This is repository made by Devdoot Chatterjee and Ambra Jin for their Google Summer of Code projects 2022. It contains the following folders:
- Dataset generator
- Deep Learning Separation
- GUI
- Signal anlysis
- Data
This repository contains a GUI that can be used to preprocess and denoise hydrophone recordings, and to isolate orca vocalizations from them. Currently the filters can be applied only in the frequency domain. The denoising filters that are currently available to use are-
- Moving average filter (with steps of 100 Hz, accounting for a delay of half step)
- Moving weighted average filters (binomial and exponential weighting)

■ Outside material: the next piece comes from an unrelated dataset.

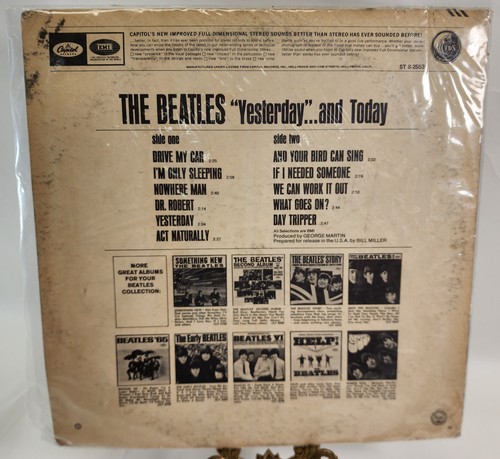 12" Vinyl Album LP The Beatles Yesterday And Today ST-8-2553 Capitol Records Yel - Foto 2 di 6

- Cubic-Weighted Savitzky-Golay
- Quartic-Weighted Savitzky-Golay
- Quintic-Weighted Savitzky-Golay
- Median filter (fitted with polynomial of degrees 2, 10, 12)
- Hampel filter
A detailed analysis of Fourier Transforms techniques for underwater denoising can be found here.
The user can upload 1 or multiple mp3 or wav files, using the button ‘Choose file from directory’. Then plot the Welch’s power spectral density plot of the original audio (if only 1 sound is uploaded) with 'Plot'. After that, the user can choose the filtering technique, and download the filtered audio using the ‘Download’ button. For isolating orca vocals the user can choose one of the models available and download the isolated audio using the ‘Download’ button.
-
Spleeter- One can use the fine-tuned 2stems spleeter model to separate orca vocalizations from the audio. They can create an instance of the ‘Separator’ object defined in the Python file- ‘spleeter_separator.py’ which takes the location of the json file containing model paramters, and the path to directory containing the model checkpoint as arguments. One of its member functions, ‘return_source_directory’ can be called which returns a dictionary containing names of the sources and waveforms as numpy arrays corresponding to those sources. This function takes the waveform (numpy array) and sample rate as arguments. The fine-tuned model can be accessed from here. You can try out the fine-tuned spleeter model on Google colab without installing anything on your system.
-
Zeroshot Source separator- The zeroshot audio source separator was also tested but it was outperformed by the Spleeter model. One can also use the Zeroshot model to separate orca vocals. One can use the ‘instance’ function defined in the Python file- ‘zeroshot/instance.py’ which takes the path to the pre-trained zeroshot model checkpoint, and the pre-trained htsat model checkpoint. It also returns a dictionary same as the Spleeter model. The checkpoints for the zeroshot and the htsat models can be accessed from here.
The dataset used to train the model was extracted from al the PodCast rounds. Multiple orca vocals were extracted from the dataset and then randomly overlapped with noises from ships, boats and sea waves for data augmentation.